Beginning with the line that holds "Staud Blue Cy Medium Suede Clutch" in the data below, give again every line through the one that holds "Ultimate Skip Ball", exactly as written.

[Scraped caption text data]
━━━━

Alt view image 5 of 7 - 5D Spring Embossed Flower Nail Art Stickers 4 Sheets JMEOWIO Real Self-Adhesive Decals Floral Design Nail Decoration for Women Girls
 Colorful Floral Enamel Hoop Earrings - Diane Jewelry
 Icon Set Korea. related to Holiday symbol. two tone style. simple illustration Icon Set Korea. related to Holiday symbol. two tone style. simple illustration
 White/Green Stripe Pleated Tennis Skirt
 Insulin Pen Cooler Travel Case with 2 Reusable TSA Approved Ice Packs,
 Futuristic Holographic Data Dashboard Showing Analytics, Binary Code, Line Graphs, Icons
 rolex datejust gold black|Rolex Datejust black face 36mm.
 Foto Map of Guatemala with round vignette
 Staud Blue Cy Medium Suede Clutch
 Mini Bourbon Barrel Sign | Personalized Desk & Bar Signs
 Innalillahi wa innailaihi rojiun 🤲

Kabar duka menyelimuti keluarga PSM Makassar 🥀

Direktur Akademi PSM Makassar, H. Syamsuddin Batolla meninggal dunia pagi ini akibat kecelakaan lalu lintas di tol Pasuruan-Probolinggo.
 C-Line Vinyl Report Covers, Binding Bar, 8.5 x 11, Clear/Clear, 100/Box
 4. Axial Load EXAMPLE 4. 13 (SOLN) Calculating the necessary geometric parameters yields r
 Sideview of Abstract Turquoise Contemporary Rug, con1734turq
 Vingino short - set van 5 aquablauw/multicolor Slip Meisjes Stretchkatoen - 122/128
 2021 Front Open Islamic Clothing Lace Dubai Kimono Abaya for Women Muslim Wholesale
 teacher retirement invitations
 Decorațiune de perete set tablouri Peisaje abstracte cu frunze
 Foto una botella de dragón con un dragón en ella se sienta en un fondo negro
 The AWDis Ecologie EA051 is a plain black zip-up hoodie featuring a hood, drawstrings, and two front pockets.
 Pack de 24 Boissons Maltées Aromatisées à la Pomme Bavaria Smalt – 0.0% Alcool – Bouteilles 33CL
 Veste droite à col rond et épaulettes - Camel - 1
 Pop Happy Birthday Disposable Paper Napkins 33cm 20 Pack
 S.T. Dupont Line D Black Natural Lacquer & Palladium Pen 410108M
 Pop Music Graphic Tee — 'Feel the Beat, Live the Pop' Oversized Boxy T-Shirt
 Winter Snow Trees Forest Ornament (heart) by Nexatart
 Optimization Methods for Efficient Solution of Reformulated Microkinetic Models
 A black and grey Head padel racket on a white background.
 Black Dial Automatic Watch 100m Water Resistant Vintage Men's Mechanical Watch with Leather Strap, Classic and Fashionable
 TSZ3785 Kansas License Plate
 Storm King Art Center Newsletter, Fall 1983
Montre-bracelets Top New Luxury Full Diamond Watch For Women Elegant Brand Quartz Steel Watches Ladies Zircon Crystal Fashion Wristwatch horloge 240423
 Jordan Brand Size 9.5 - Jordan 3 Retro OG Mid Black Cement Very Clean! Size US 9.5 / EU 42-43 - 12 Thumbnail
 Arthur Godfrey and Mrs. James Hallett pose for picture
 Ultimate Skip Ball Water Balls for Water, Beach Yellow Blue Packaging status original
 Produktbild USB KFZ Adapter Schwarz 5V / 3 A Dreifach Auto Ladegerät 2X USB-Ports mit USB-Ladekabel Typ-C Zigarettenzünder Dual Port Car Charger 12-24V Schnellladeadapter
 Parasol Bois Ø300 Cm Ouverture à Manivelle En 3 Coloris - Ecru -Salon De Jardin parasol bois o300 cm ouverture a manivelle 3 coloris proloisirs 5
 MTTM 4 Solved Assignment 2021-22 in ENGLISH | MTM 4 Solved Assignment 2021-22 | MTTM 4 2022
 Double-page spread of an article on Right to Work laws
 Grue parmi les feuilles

━━━━

- [Written solution]:
 Staud Blue Cy Medium Suede Clutch
 Mini Bourbon Barrel Sign | Personalized Desk & Bar Signs
 Innalillahi wa innailaihi rojiun 🤲

Kabar duka menyelimuti keluarga PSM Makassar 🥀

Direktur Akademi PSM Makassar, H. Syamsuddin Batolla meninggal dunia pagi ini akibat kecelakaan lalu lintas di tol Pasuruan-Probolinggo.
 C-Line Vinyl Report Covers, Binding Bar, 8.5 x 11, Clear/Clear, 100/Box
 4. Axial Load EXAMPLE 4. 13 (SOLN) Calculating the necessary geometric parameters yields r
 Sideview of Abstract Turquoise Contemporary Rug, con1734turq
 Vingino short - set van 5 aquablauw/multicolor Slip Meisjes Stretchkatoen - 122/128
 2021 Front Open Islamic Clothing Lace Dubai Kimono Abaya for Women Muslim Wholesale
 teacher retirement invitations
 Decorațiune de perete set tablouri Peisaje abstracte cu frunze
 Foto una botella de dragón con un dragón en ella se sienta en un fondo negro
 The AWDis Ecologie EA051 is a plain black zip-up hoodie featuring a hood, drawstrings, and two front pockets.
 Pack de 24 Boissons Maltées Aromatisées à la Pomme Bavaria Smalt – 0.0% Alcool – Bouteilles 33CL
 Veste droite à col rond et épaulettes - Camel - 1
 Pop Happy Birthday Disposable Paper Napkins 33cm 20 Pack
 S.T. Dupont Line D Black Natural Lacquer & Palladium Pen 410108M
 Pop Music Graphic Tee — 'Feel the Beat, Live the Pop' Oversized Boxy T-Shirt
 Winter Snow Trees Forest Ornament (heart) by Nexatart
 Optimization Methods for Efficient Solution of Reformulated Microkinetic Models
 A black and grey Head padel racket on a white background.
 Black Dial Automatic Watch 100m Water Resistant Vintage Men's Mechanical Watch with Leather Strap, Classic and Fashionable
 TSZ3785 Kansas License Plate
 Storm King Art Center Newsletter, Fall 1983
Montre-bracelets Top New Luxury Full Diamond Watch For Women Elegant Brand Quartz Steel Watches Ladies Zircon Crystal Fashion Wristwatch horloge 240423
 Jordan Brand Size 9.5 - Jordan 3 Retro OG Mid Black Cement Very Clean! Size US 9.5 / EU 42-43 - 12 Thumbnail
 Arthur Godfrey and Mrs. James Hallett pose for picture
 Ultimate Skip Ball Water Balls for Water, Beach Yellow Blue Packaging status original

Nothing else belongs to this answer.